**Task:**
The whole listing, pictures aside, should be reproduced exactly.

**Source data:**

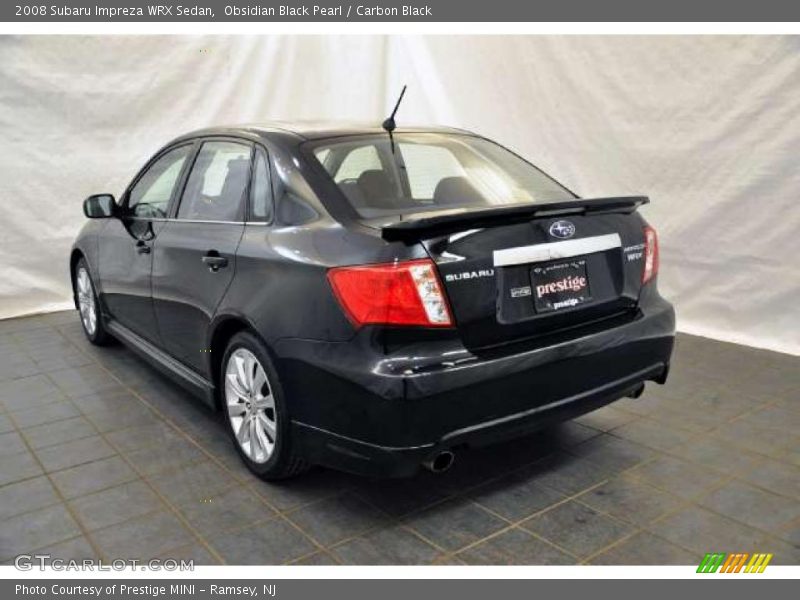 Obsidian Black Pearl / Carbon Black 2008 Subaru Impreza WRX Sedan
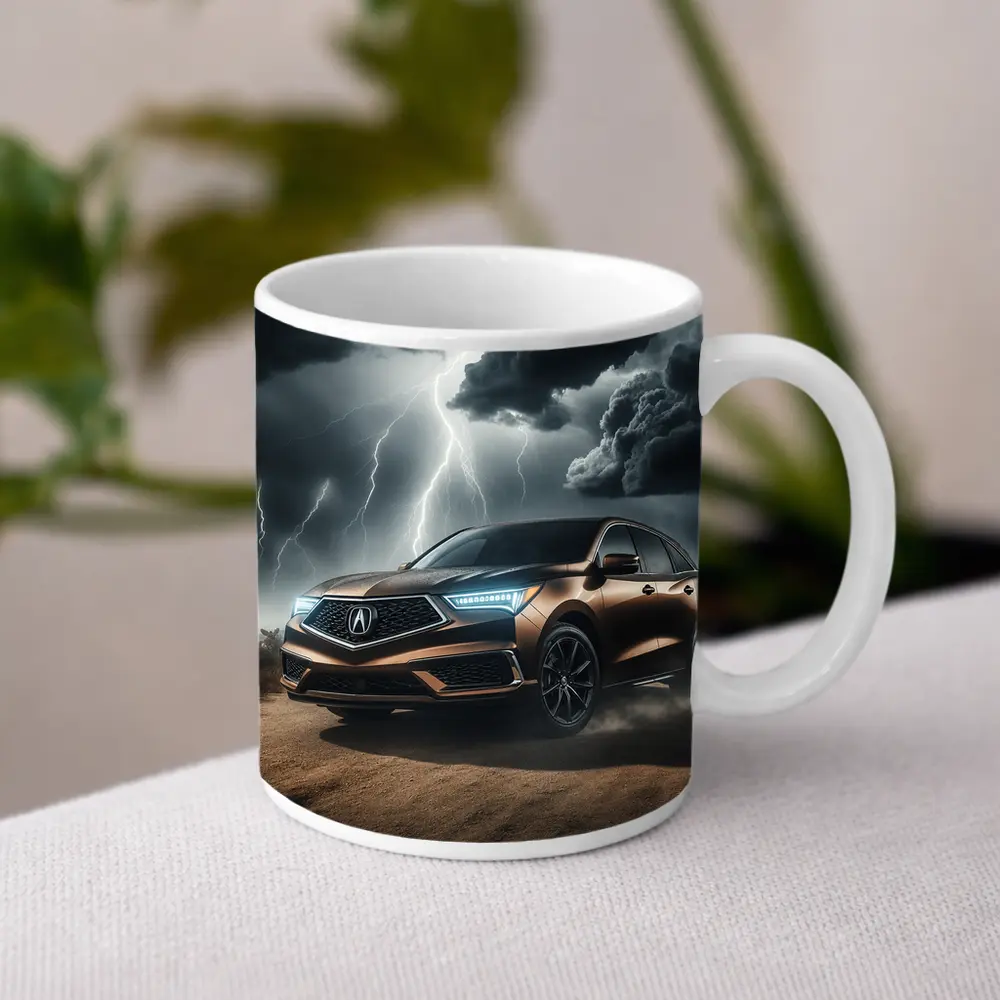 Acura MDX Storm Lightning Desert Dirt Road – Mugs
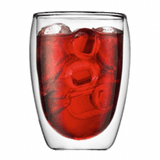 Borosilicate Double Wall  Round Glass, Insulated Drinking Glasses, Mugs, Coffee Mugs or Tea Cups, Water Glasses, Juice,Milk,Lightweight Glass, Transparent - 300 ml - Pack of 2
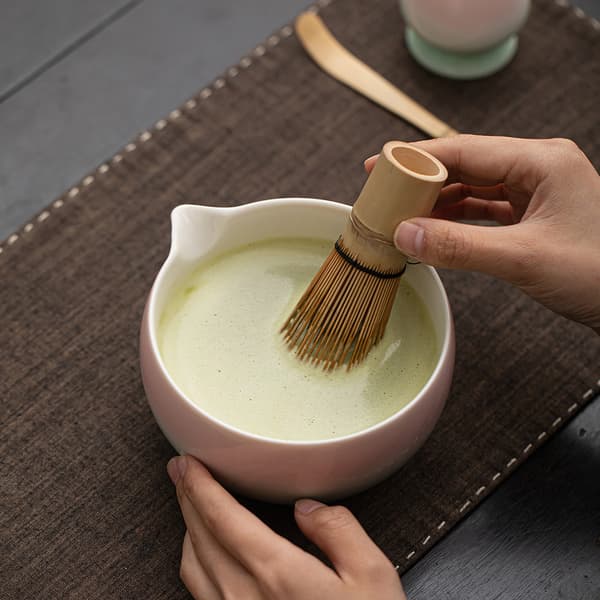 Matcha-tesæt / 7-delt matcha-sæt i farveovergang / matcha-sæt m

**Task solution:**
 Obsidian Black Pearl / Carbon Black 2008 Subaru Impreza WRX Sedan
 Acura MDX Storm Lightning Desert Dirt Road – Mugs
 Borosilicate Double Wall  Round Glass, Insulated Drinking Glasses, Mugs, Coffee Mugs or Tea Cups, Water Glasses, Juice,Milk,Lightweight Glass, Transparent - 300 ml - Pack of 2
 Matcha-tesæt / 7-delt matcha-sæt i farveovergang / matcha-sæt m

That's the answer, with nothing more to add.